◆ **Description of the task**: Only the lines below from the one that contains "After the restart" through the one that contains "Set the various" should appear in your answer, exact and without pictures.

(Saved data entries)

· · ·

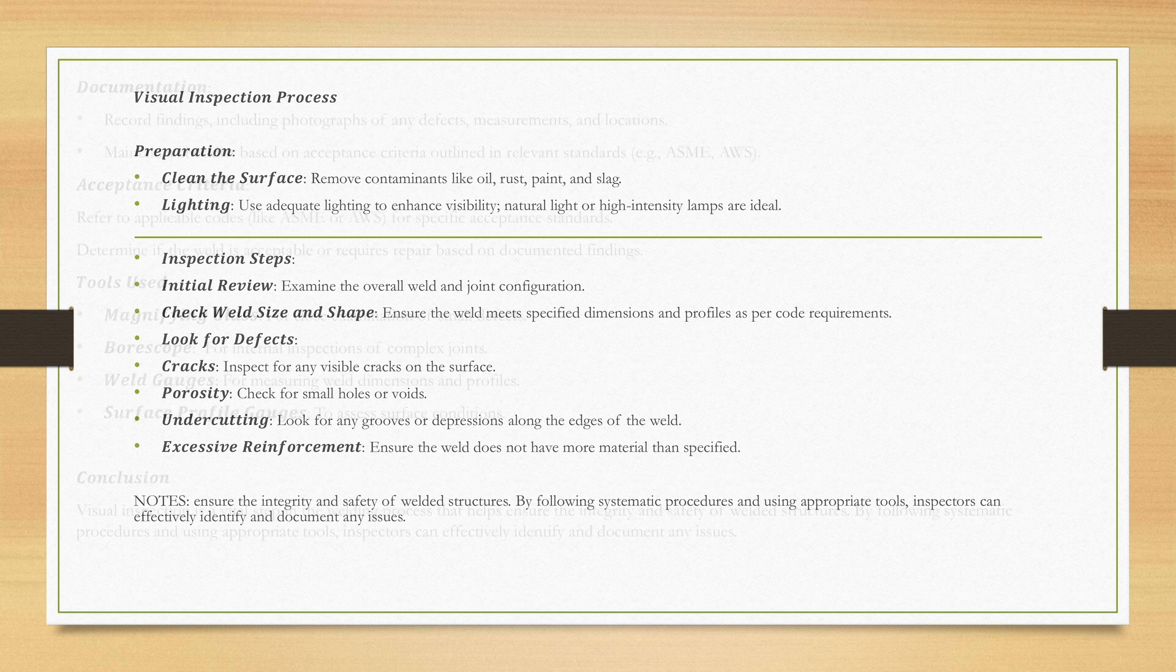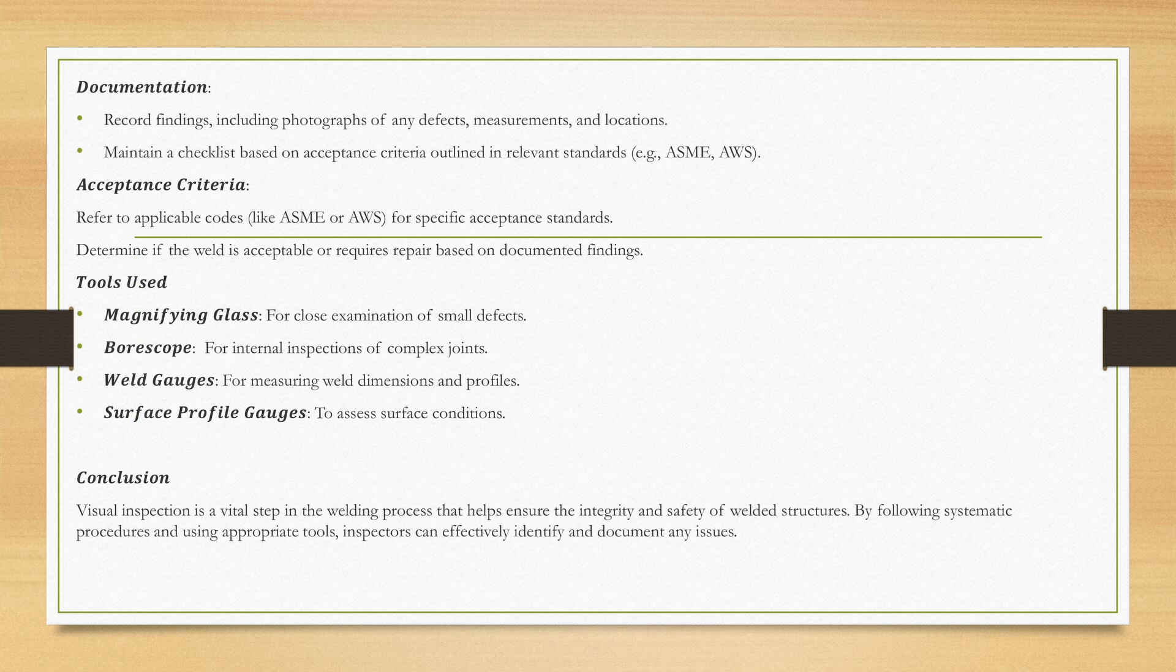How about the documentation? We have to record findings including photographs of any defects, measurements and locations. Maintain a checklist based on the acceptance criteria outlined in relevant standards, i.e. ASME or AWS. Acceptance criteria refer to applicable codes like ASME or AWS for specified acceptance standards. Determine if the weld is acceptable or requires repair based on the documented findings.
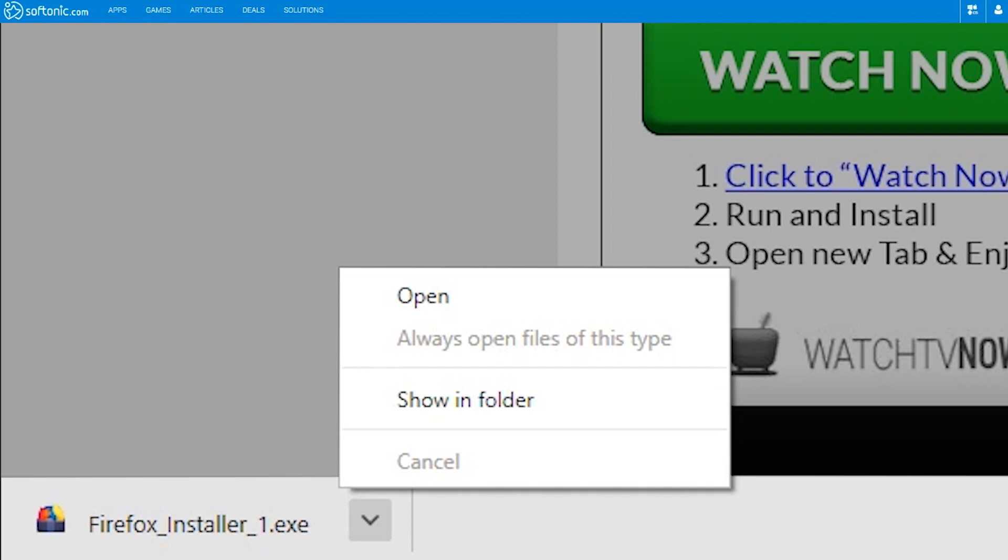You may need to allow the app to run on your computer. Just click OK to continue.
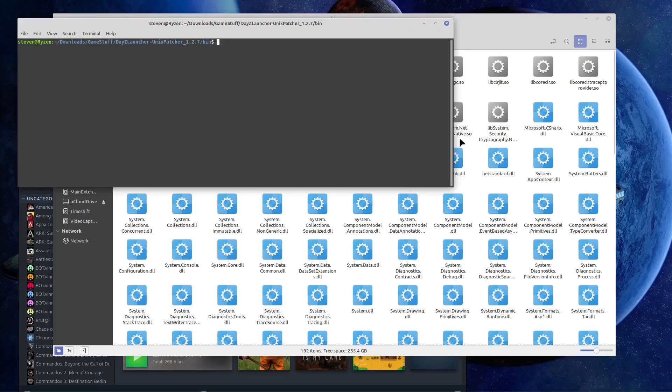And then we're going to do... we don't need to be root for this. Dot slash D, and that's going to put that up there.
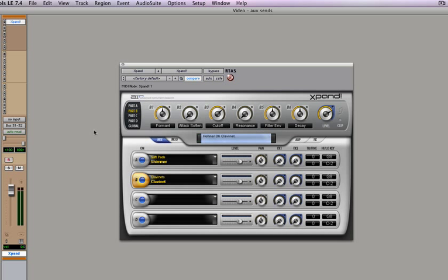Now another way to target your instrument tracks is instead of just using them in record mode, you can actually make new MIDI tracks and target them. So the bonus of doing this is if you have an instrument that can accept multiple MIDI inputs, this is the way to do it.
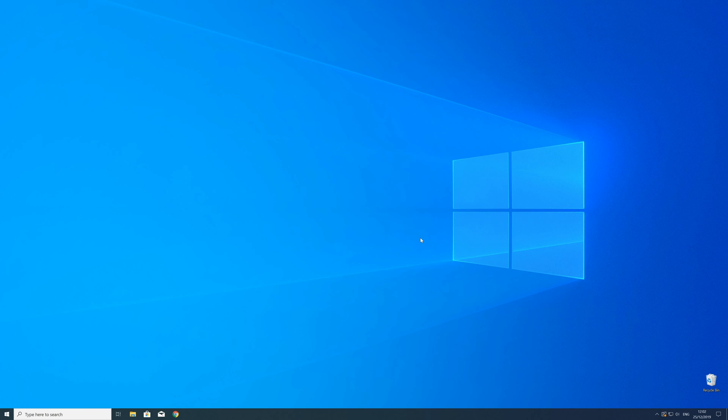After the restart of your operating system, you should be able to play the game or use the program that you wanted to play or use.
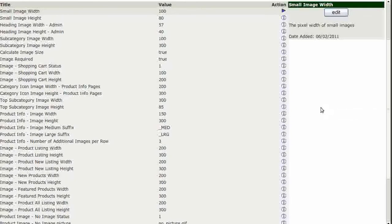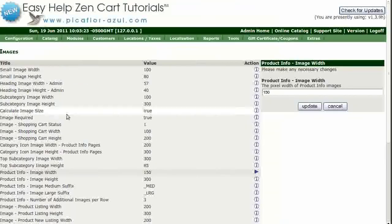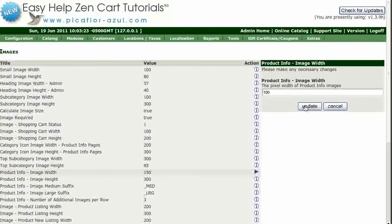Set the various images to be appropriate for your ZenCart. To change an image size, click on the image description, enter your new size, and then click on the Update button.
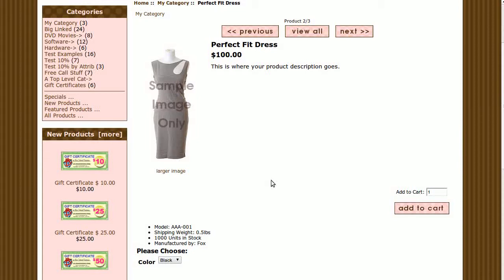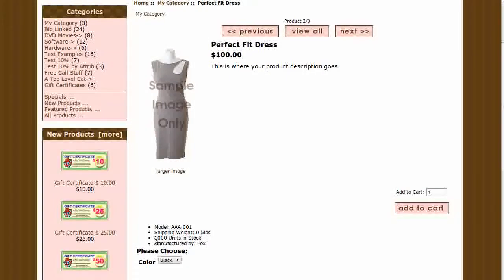Hi! Today I will be showing you how to remove the units in stock from the product info page details. The template that you see here is called Pink Boutique. If you'd like to use it, go to our website and download it for free.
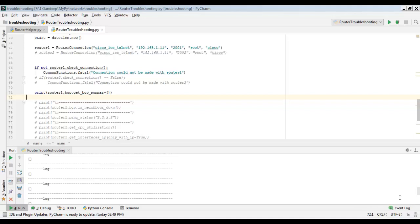Hello friends. Some time ago I created a video on configuration of network devices using Python. After seeing that video, many people approached me telling me I should create more useful stuff in this area. Therefore I've created this script which takes care of day-to-day tasks that a network administrator or network engineer does. I've uploaded this Python program on GitHub — the link is given in the description, you can download it.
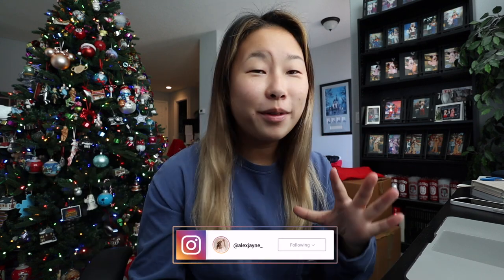Hi guys, welcome to another vlogmas video. Today's video is going to be what I actually do for my other job. I'm going to keep it kind of general, but I'll show you some fake examples of what I do. Stuff I can't show you, I'll just tell you and explain. I've gotten multiple requests to share my day with you all, so I just wanted to put that little disclaimer in here.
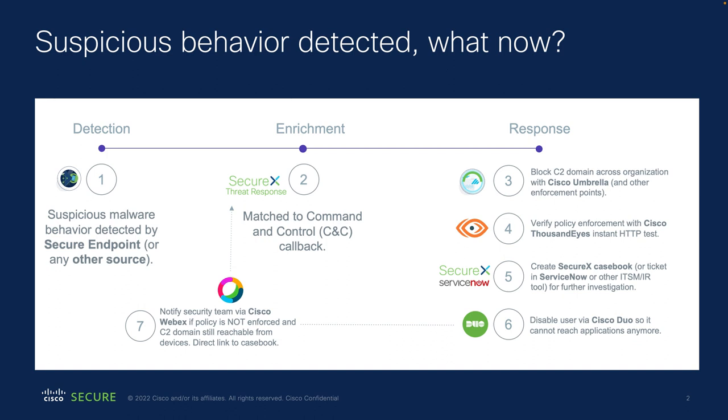Step two should then always be enrichment. Find out as much information as you can about this incident. Then if you're certain that something is wrong,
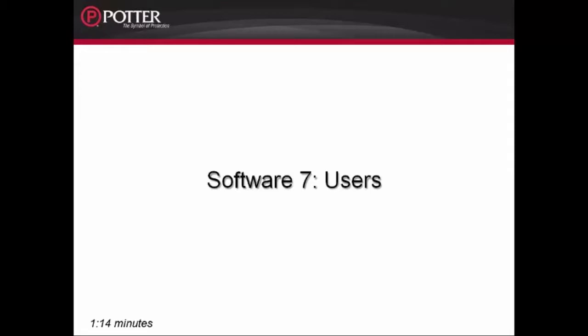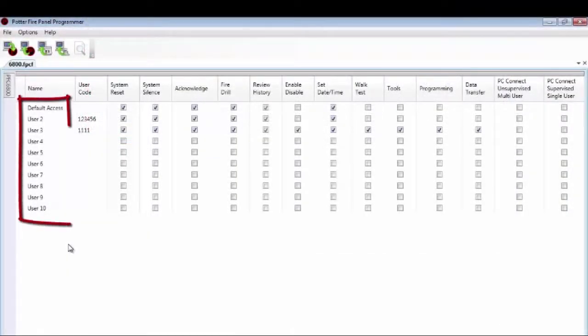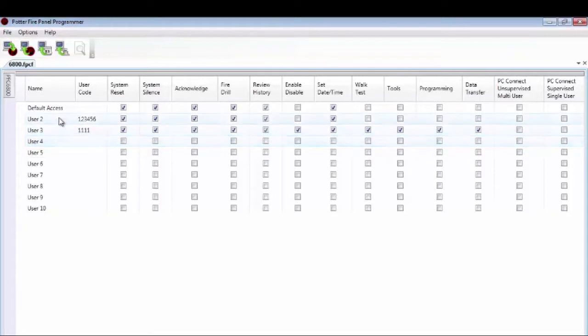This is Software 7 Users. The next tab is Users. The Users tab allows you to set up 10 user profiles for accessing menus via the keypad on the fire alarm control panel. Each user profile can be adjusted. The default access is when the door is open on the fire alarm control panel, and even this one can be customized.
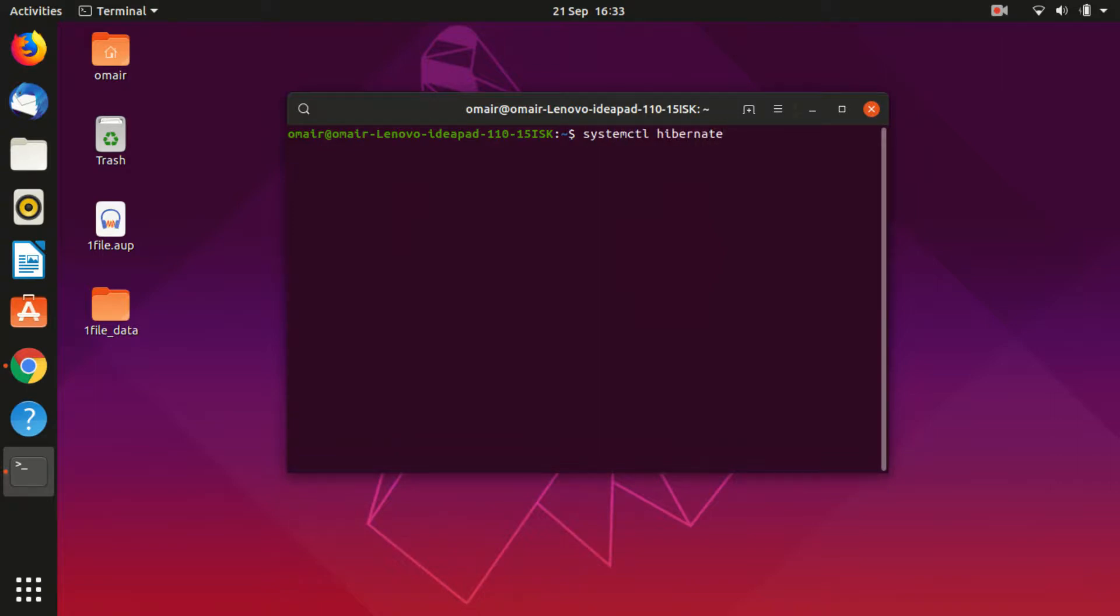When you try to issue systemctl hibernate or pm hibernate, your computer either freezes, shuts down instead of hibernating, or the screen just goes blank.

· · ·

◆ **Response to the exercise**:
After the restart of your operating system, you should be able to play the game or use the program that you wanted to play or use.
Set the various images to be appropriate for your ZenCart. To change an image size, click on the image description, enter your new size, and then click on the Update button.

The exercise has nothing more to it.